Proyecto Cultural Sur Vancouver
Sexo o amor, terruño o ciudad
A fines de los años noventa los productores de televisión de Estados Unidos iniciaron la transmisión de una serie llamada Sex and the City, una idea de Candace Bushnell que finalizó el año 2004. En Estados Unidos la palabra “sexo” ha sustituido la palabra “amor”, porque el individualismo que aprecian los habitantes de ese país los lleva a casarse tarde, después de los treinta años, a tener hijos casi con cuarenta de edad. Primero buscan consolidar una posición en sus empleos, hacer dinero, tener “sexo” y dejan el amor en último lugar.
En América Latina la palabra amor es insustituible, se usa en temas religiosos, amor a Dios, o en sociedad, amor a la Patria, a los hijos, etc. Ello provoca sentimientos que parecen equivalentes, el amor a la familia es parte del amor al país o a los parientes más lejanos. Nadie pensaría en sexo cuando tratara de caracterizar la importancia que tiene el lugar donde vive, o las fiestas patrias, o el país o la nación.
Convendría usar palabras distintas, lo cual es algo que sólo pasaría al cambiar las formas de vida. La publicidad se ocupa de guiar los gustos de las personas pero su efecto dura según se equilibre en el mercado: cuando el hábito establecido por un producto ya no requiere campañas de reforzamiento intensivas, deja de ser novedad. Y cuando eso no ocurre el producto va desapareciendo de las preferencias de los clientes. Permanecen marcas que en los anaqueles de las tiendas. Ya no pensamos por qué llevar una marca y no otra, aunque sabemos que se debe a órdenes sutiles, “llévalo, no hay mejor”. Como sea, las marcas que van bien hacen cambios, ofrecen algo mejor, compran marcas competidoras, tratan de abarcar todo. Y no sabemos qué sigue.

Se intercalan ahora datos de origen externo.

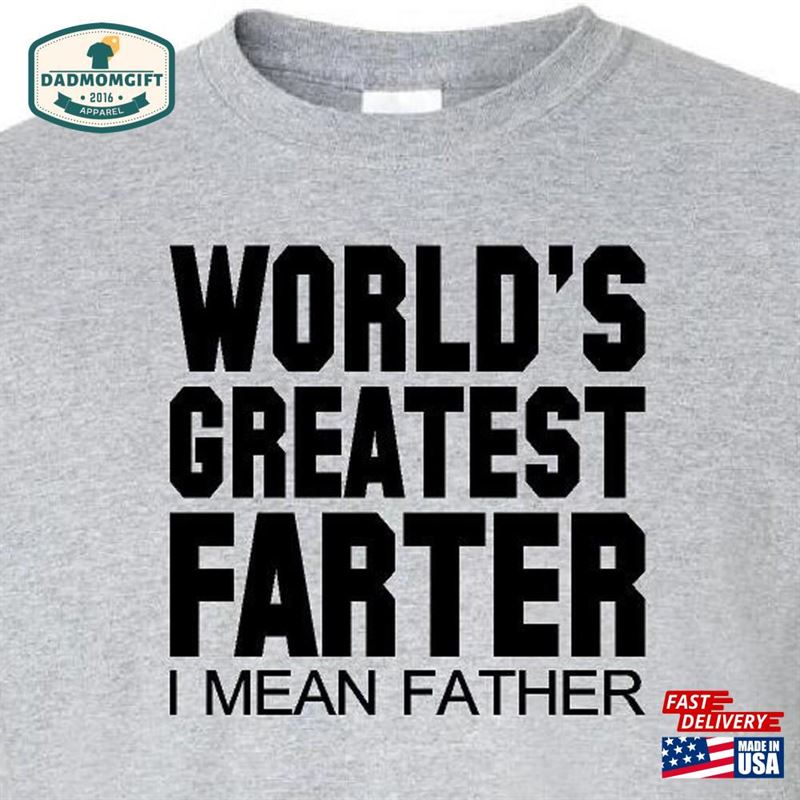 World’s Greatest Farter I Mean Father Unisex Hoodie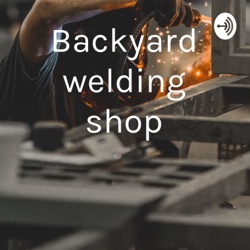 Backyard welding shop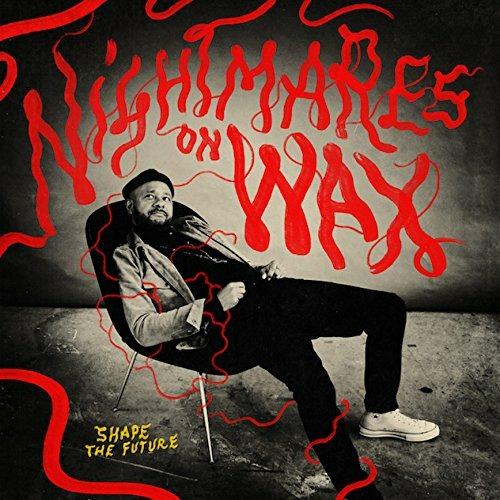 Shape the Future - CD Audio di Nightmares on Wax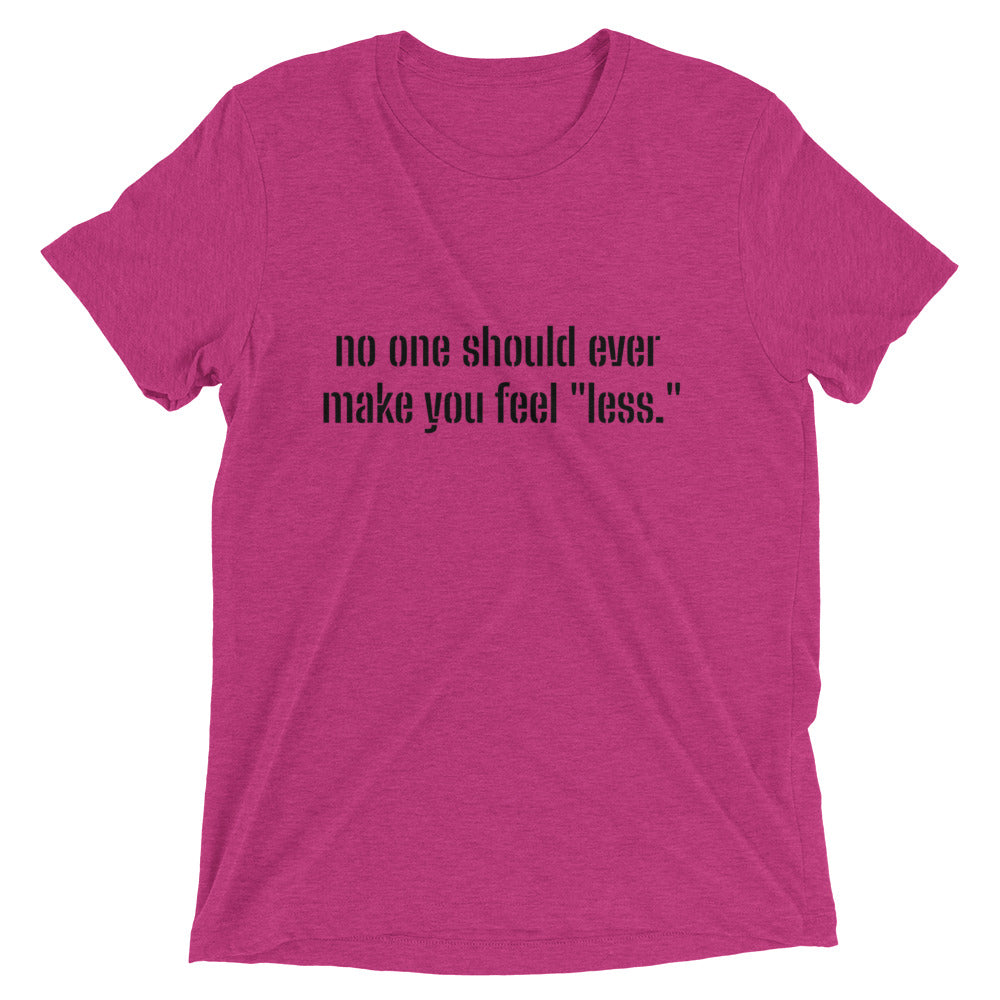 "No one should ever make you feel "less." Short sleeve T-shirt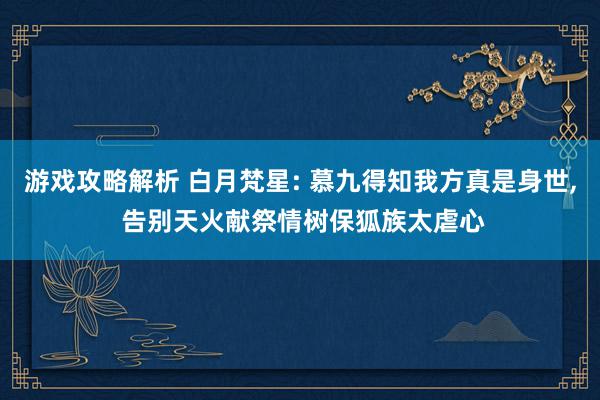 游戏攻略解析 白月梵星: 慕九得知我方真是身世, 告别天火献祭情树保狐族太虐心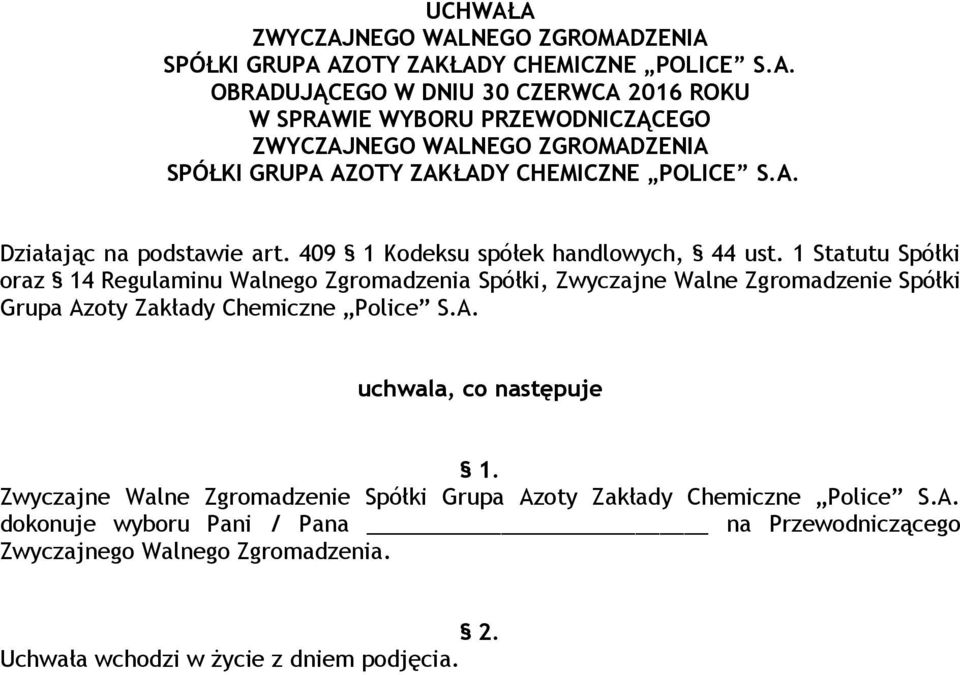 Grupa Azoty Zakłady Chemiczne Police S.A. Zwyczajne Walne Zgromadzenie Spółki Grupa Azoty Zakłady Chemiczne Police S.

Las celebraciones cívicas pasan por periodos diversos. En las escuelas de educación inicial son constantes. En la vida pública siguen un calendario: el día de la independencia, el día de la bandera, el día de algún político más o menos aceptable.

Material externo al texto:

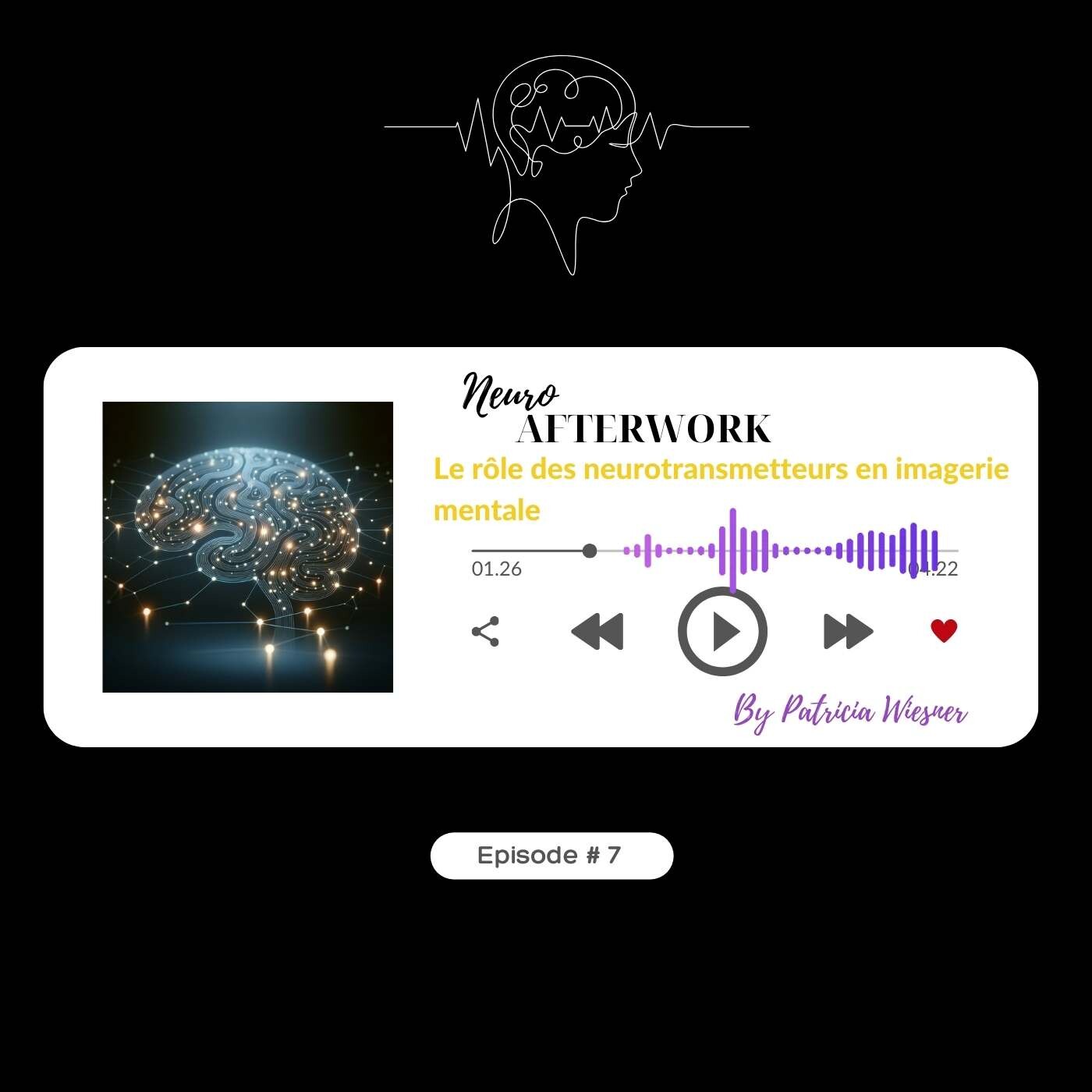 #7 Le rôle des neurotransmetteurs dans l'imagerie mentale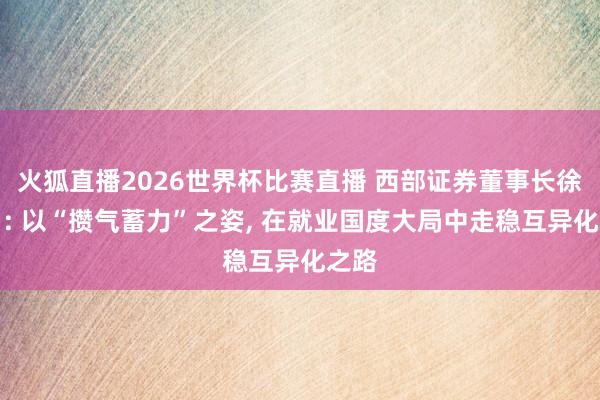 火狐直播2026世界杯比赛直播 西部证券董事长徐朝日: 以“攒气蓄力”之姿, 在就业国度大局中走稳互异化之路
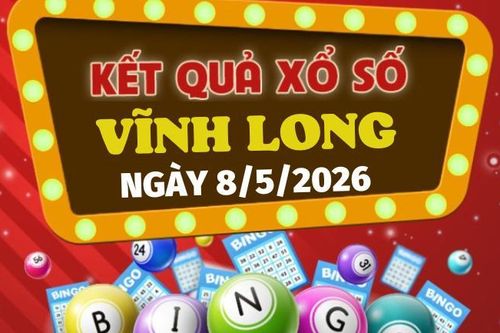 Trực tiếp kết quả xổ số Vĩnh Long hôm nay 8/5/2026 - XSVL 8/5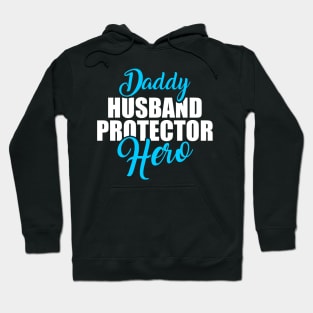 Cute Daddy Husband Protector Hero Awesome Dad Hoodie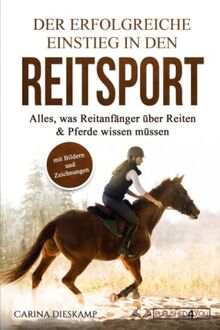 Der erfolgreiche Einstieg in den Reitsport: Alles, was Reitanfänger über Reiten & Pferde wissen müssen (mit Bildern und Zeichnungen)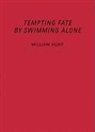William Hunt - WILLIAM HUNT:TEMPTING FATE BY.. HB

El amor por la patria no es lo mismo que el nacionalismo. Las fronteras contribuyen a que creamos que el lado donde vivimos es diferente al lado de nuestro vecino. En la época hispánica los territorios eran vastísimos, fueron llamados Nueva España, que tuvo capitanías, como la de Guatemala, que abarcó lo que hoy son Chiapas, Guatemala, San Salvador, Comayagua u Honduras, Nicaragua y Costa Rica. Y en el siglo XX prosperó la designación de “matria”.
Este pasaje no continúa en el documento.